Member Reviews
Wrath of the fury Blade by Geoff Habiger and Coy Kissee. It is a unique in its story telling as it blends a few genre together. It’s not an unusual when you are doing it with Crimes, as this novel is doing but it goes to police procedural through fantasy creatures eyes. You get to know about the world itself and what all goes on and shows the influence that others have and their outlooks.
The book is about Reva an inspector and her new partner Ansee a problematic bedfellow who’s too stubborn and does things her own way. The case is a high murder profile case that they have to find the killer and deal with the corruption that goes with politics.
I rather enjoyed the world building and the description of what people wore and how things look around, but it is a lot of information at once in some areas and therefore made it a bit harder to stay focused on. It’s still a decent book but one you have to put your mind to so you can continue reading it.

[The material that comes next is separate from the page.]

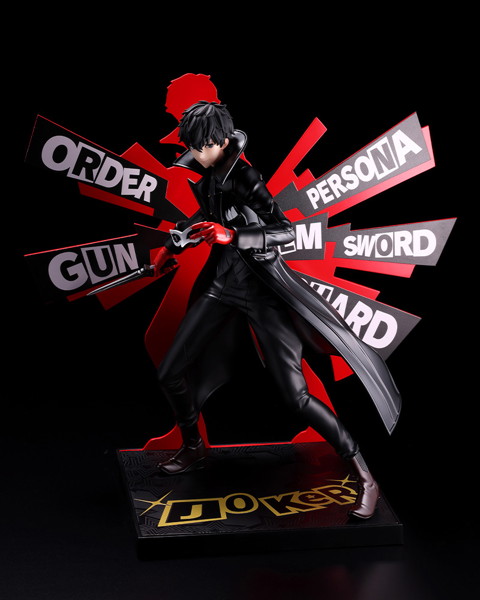 OSHI WORKS ペルソナ5 ザ・ロイヤル ジョーカー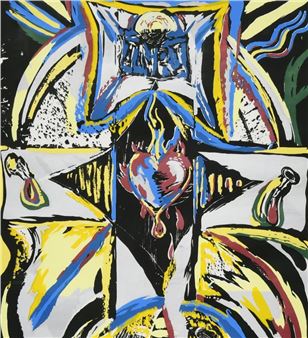 Philip Clairmont: Windows - Gow Langsford Gallery, Auckland City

Wrath of the furious grammarian
"Lies in shadow no more
the red Light reveals
the masquerade
“Shouldn’t that be ‘lays in shadow no more’?” asked Loren… He turned to look at the body, in the shadow of the desk. “The killer got that wrong.”
No, the killer got it right. And why are you asking?
Either "(He) lies" or "(The) lies" works, depending on what the inscription intends. But no one is "laying" anything. "Lay" is a transitive verb and required an object.
But why this question at all? If we need to know that Loren is an undereducated booby, it should be handled elsewhere. The lack of corrective reaction to Loren's mistake by anyone in the room suggests that no one in the room knows grammar. If this is question is a clue to something it falls way flat. If the authors agree with Loren, this whole scene is nuts. AARGH.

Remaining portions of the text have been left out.